Thursday night, Senate Bill 4 passed the Kentucky House 92-3. This legislation requires women to talk to a professional about her options before she has an abortion. Here are four takeaways:
First, political change takes time. The last time the Democratic-controlled House passed any new pro-life legislation the iPhone had not been introduced and few people had heard of Barack Obama. It’s been more than a decade, despite the fact that Kentucky’s Senate has sent pro-life legislation to the House year after year.
The women’s suffrage movement began before the Civil War, but the 19th amendment was not ratified until 1920. The atrocity of slavery was debated at the Constitutional Conventions in the late 18th century, but it took a war and several decades to end the barbaric practice.
In a world of instant-everything, political patience is hard to muster. But those committed to the pro-life cause must have it.

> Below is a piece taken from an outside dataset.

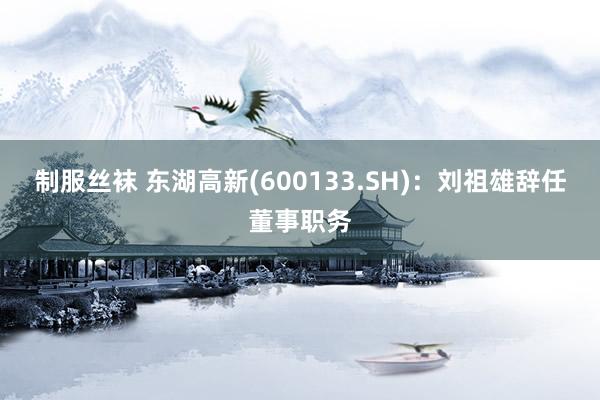 制服丝袜 东湖高新(600133.SH)：刘祖雄辞任董事职务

Second, pro-life progress is partial. This is a half-step forward in the march for life. SB 4 does not prohibit abortions; it just gives women more information before the abortion in the hope this information will save some lives.

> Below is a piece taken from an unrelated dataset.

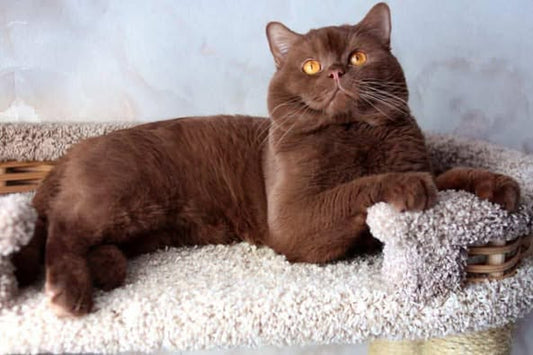 British Shorthair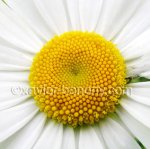 fleur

SB 4 isn’t everything, but it’s something. And the version the House passed, which has a provision that informed consent could happen through a video conference, is a slightly weaker version than the Senate passed.

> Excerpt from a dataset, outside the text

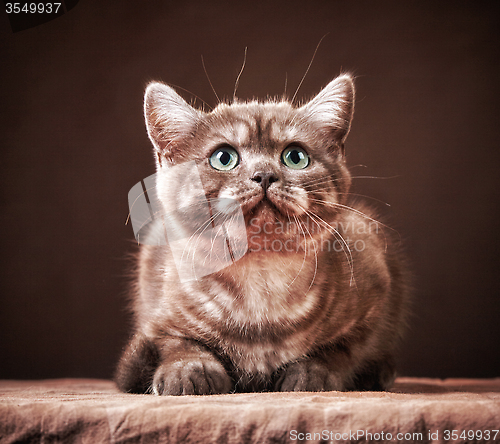 Image of portrait of british kitten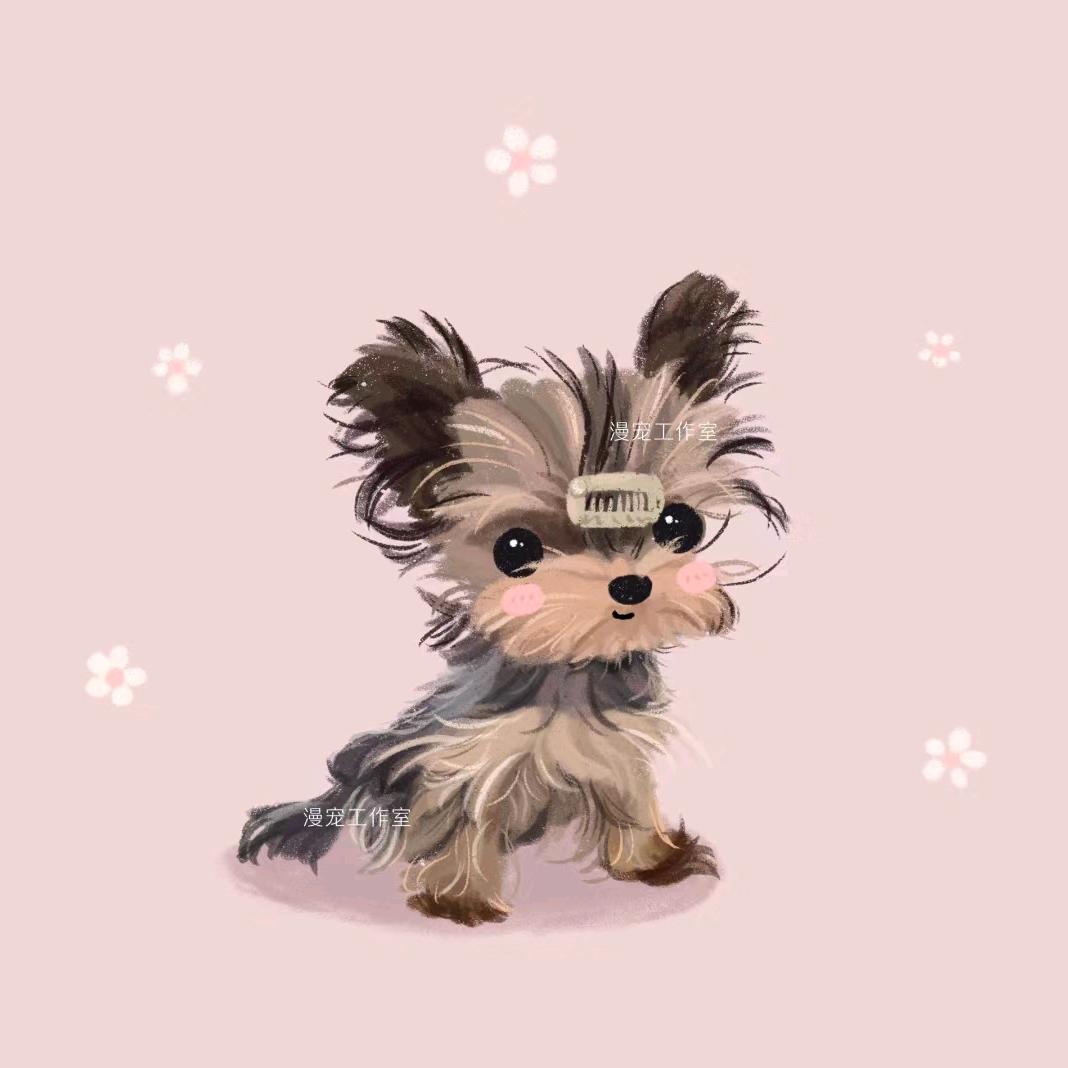 檬檬哒🐶约马西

I was discussing a different piece of legislation with a Kentucky senator recently, and he advised, “If you come to Frankfort wanting everything, you’ll get nothing.”
Sadly, this is true. Social conservatives need to learn how to rejoice in partial victories. An all or nothing strategy won’t work.
Third, states can pass meaningful pro-life legislation. While the Supreme Court told states it cannot prohibit all abortions, states can regulate them. States can require that women be informed of other options before an abortion, as with SB 4. States can require that minors seek their parents’ approval, or that parents are at least notified.
States also can require that there be a waiting period, an ultrasound or counseling prior to the procedure. They can work to make sure funding doesn’t go to agencies that perform abortions, and state lawmakers can pass legislation against fetal homicide, recognizing the civil rights of an unborn child, and prohibit certain types of partial birth abortions.
Everything does not rise or fall on the next presidential election or the resulting Supreme Court appointees.
Fourth, politicians feel the need to court social conservatives. The timing of SB 4 is no coincidence. The state is five weeks away from a special election that places Democratic control of the House in the balance. A GOP sweep would create a 50-50 tie giving Republicans a huge opportunity to take control this November.
The House felt the need to pass something conservative because it has realized that a lot of Kentucky voters are socially conservative. Supporting the pro-life movement often is seen as a principled stand a politician will make despite the consequences he or she may face. But not now, and not here. This year in Kentucky politics, being pro-life is a winning position.
What a powerful reminder for believers not to disengage from the political process. Yes, it can be frustrating and confusing, but you might meet a kid in a few years who was not aborted because a sufficient number of socially conservative voters let their voices be heard.
Rick Hardison is pastor of Great Crossings Baptist Church in Scott County.